Utah-based composer Phillip Bimstein made quite a splash with his earlier Starkland release Garland Hirschi's Cows, a clever marriage of narrative, American vernacular, wry humor, and deftly arranged electronic sounds. An immediate follow-up to Garland Hirschi's Cows, however, was not something Bimstein could just yank out of the air -- his combination of MIDI-based sequencing, editing of interview material, "found sounds," and live instruments is time intensive and anything but easy to produce. Therefore, a whole decade has separated Garland Hirschi's Cows from the 2006 Starkland release Larkin Gifford's Harmonica. Larkin Gifford's Harmonica covers the most essential productions Bimstein created since Garland Hirschi's Cows, most written to commission and all but the title work involving carefully timed interaction between pre-recorded music and live performers.
Casino is the most immediate and fun of the five pieces featured here, and that's mostly by virtue of its first movement, where Bimstein's laconic, matter-of-fact commentary on gambling is synced to a bed of dance beats and electronic slot machine sounds. The remaining two movements, based out of similar stuff, sustain the interest without improving the piece or moving forward on its earlier ideas. In addition, one gets a sense that collaborating artists Sierra Wind Quintet have to wait awhile, particularly in the third movement, to get involved into the texture.
Half Moon at Checkerboard Mesa uses beds that are rhythmically similar to Casino, although built out of natural, rather than electronic, sounds. Oboist Stephen Caplan plays along with a very busy electronic texture, but in this instance, the oboe part clearly comes across as a solo most of the time. The Bushy Wushy Rag marries the reminiscences of a Busch Stadium beer vendor with a rhythm track made up of baseball sounds while the Chamber Players Equinox perform mutations on Scott Joplin and W.C. Handy.
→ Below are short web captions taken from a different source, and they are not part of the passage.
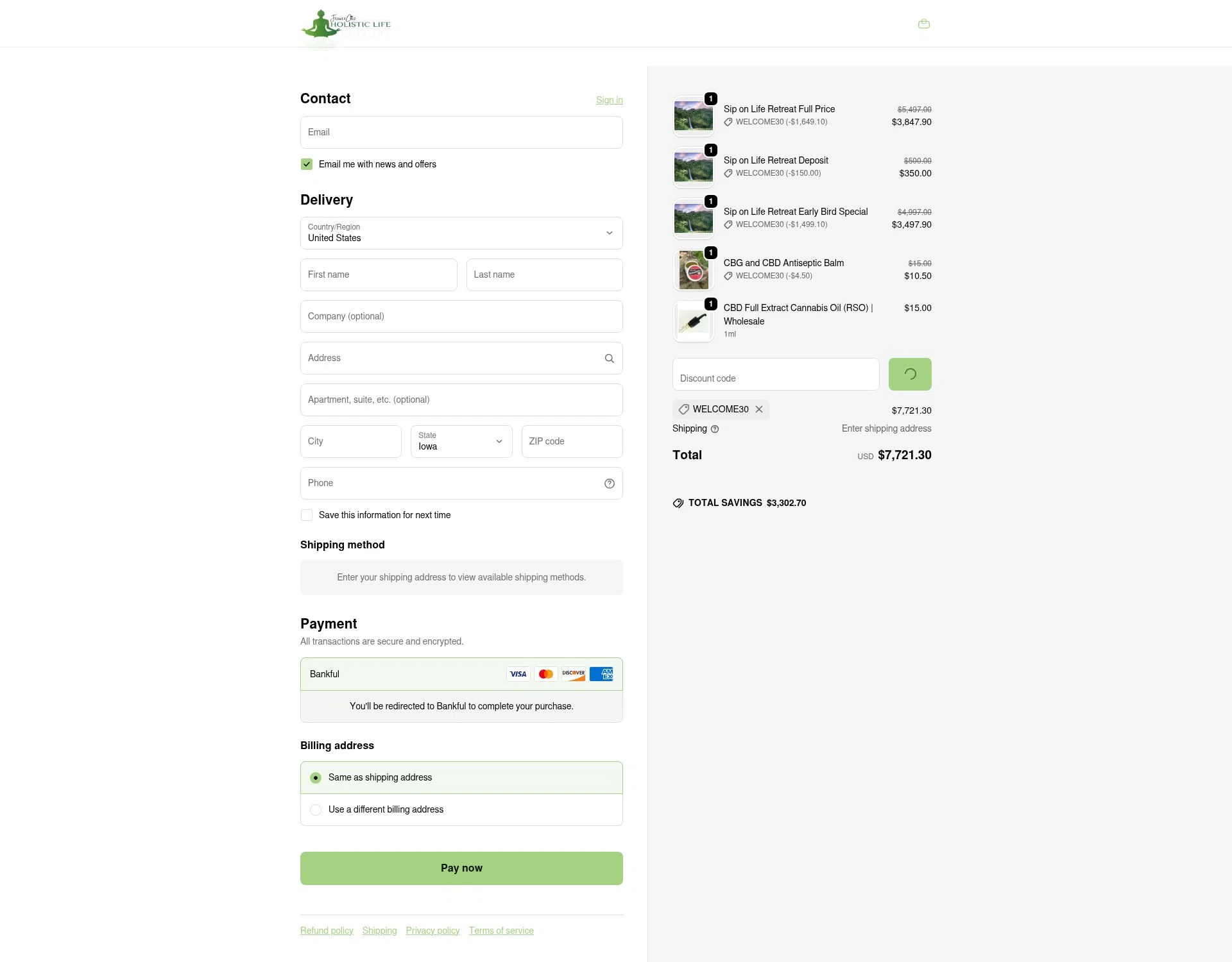 FlowerChild checkout page showing FlowerChild promo code box | Screenshot taken by SimplyCodes community member on Jan 29, 2026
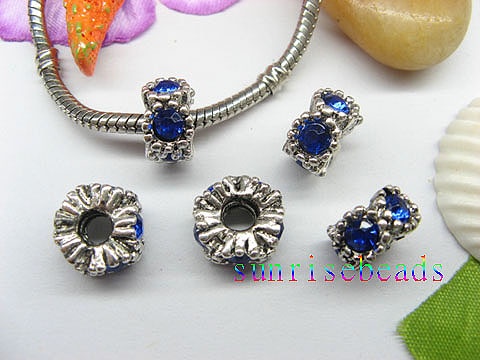 20pcs 18 KGP Beads Inlay 5 Royal Blue Crystal Fit European Beads - Click Image to Close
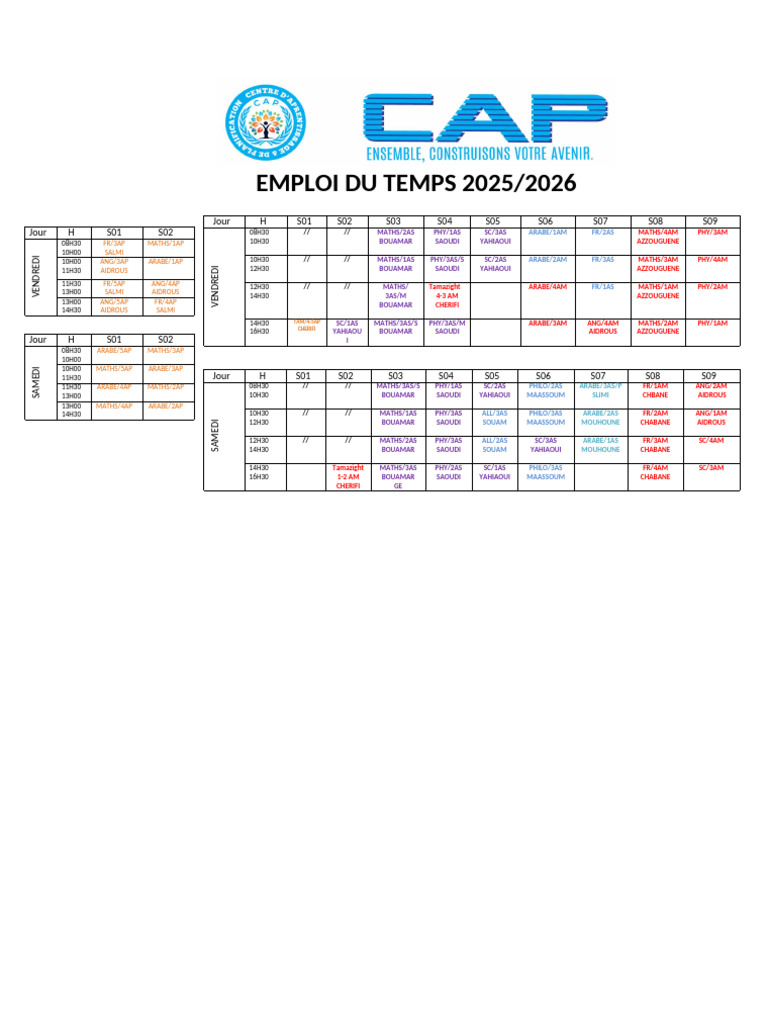 Emploi du Temps 2025/2026 | PDF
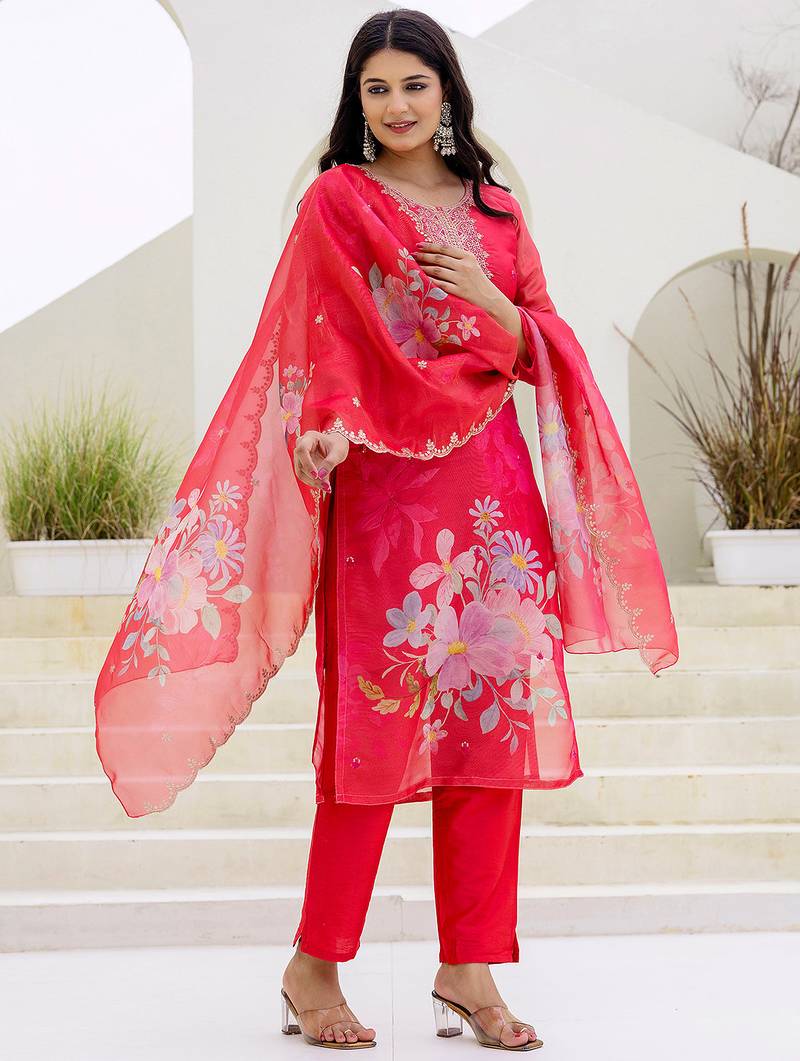 Red shimmer organza print with thread embroidery work kurta pant set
The Bushy Wushy Rag is clever and would make for great radio fodder, but it runs a little longer than it needs to. Rockville Utah 1926 is a departure from the rest, as it is a string quartet playing music evolved from Garland Hirschi's Cows with no electronic component. While the Abramyan String Quartet plays it nicely, the artificial reverberation employed in the recording doesn't sound natural or suit the music well.
You'll want to take a break before proceeding onto Larkin Gifford's Harmonica, as it is the longest work on the disc and the one most fully invested in the MIDI environment that serves as Bimstein's basic "score." Larkin Gifford, a near 100-year-old neighbor of Bimstein's, plays his harmonica and tells stories about his long life. By way of accompaniment, Bimstein creates a new musical texture out of notes singled out from Gifford's harmonica playing. Like The Bushy Wushy Rag, Larkin Gifford's Harmonica would make for great public radio fodder, but one is led to wonder if this will work as well in the listening room as it would on the radio in the car. Perhaps this is where Larkin Gifford's Harmonica would work best -- on a long road trip out in areas of the country where one cannot find anything good to listen to on the radio. However, Bimstein is really quite skilled at pulling together these electronic montages and composers of computer music really should take note of Larkin Gifford's Harmonica as it provides an inspired blueprint for a kind of sound design that is part documentarian, part classical composition, and part audio art. In purely technical terms, Larkin Gifford's Harmonica is very well done, no matter how the content of the pieces, and their point of view, may strike you.